The goal of this practicum is for students to learn the key concepts in legal anthropology, explore the way culture and law intersect in different social settings, and examine how law unfolds at different geographic and jurisdictional scales.
Program Deliverables
Students will complete a research paper that is roughly ten double-spaced pages.
Possible Topics for Final Project:
How do different countries with different social and cultural values deal with the same legal problem (such as divorce)?
How has a legal rule in a particular jurisdiction changed across time?
What non-legal institutions in a particular society shape how the law is understood and practiced?
Is there a right not included in the Universal Declaration of Human Rights that should be included?
How do non-governmental organizations participate in international law making with respect to X legal issue?

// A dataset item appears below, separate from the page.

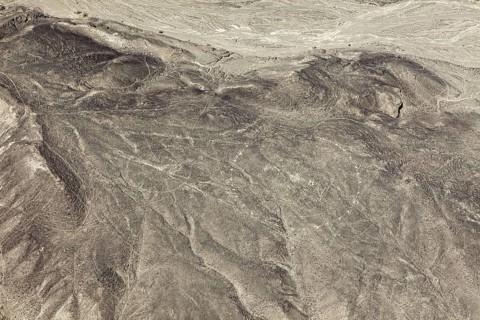 Extensive desert view with recognizable lines and patterns, the geoglyphs and images in the desert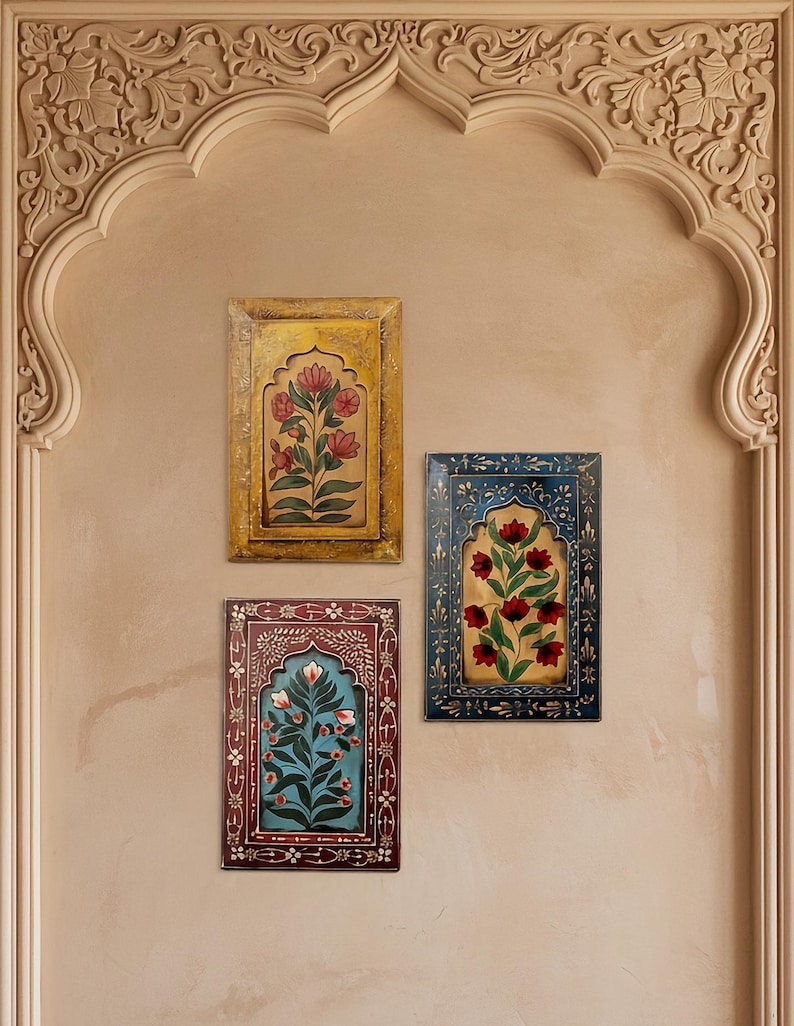 May include: Three framed floral paintings in yellow, blue, and maroon hang on a beige wall. Each painting features a central floral design within an arched frame. The wall is adorned with an ornate, carved archway.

Or other topics in this subject area that you are interested in, and that your professor approves after discussing it with you.
Program Details
Cohort size: 3 to 6 students
Workload: Around 4 to 5 hours per week (including class and homework time)
Target students: 9 to 12th graders interested in Law, Debate, Politics, Policy, International Politics, Sociology, History, Cultural Studies, or other related areas.
Schedule: TBD. Meetings will take place for around one hour per week, with a weekly meeting day and time to be determined a few weeks before the start date.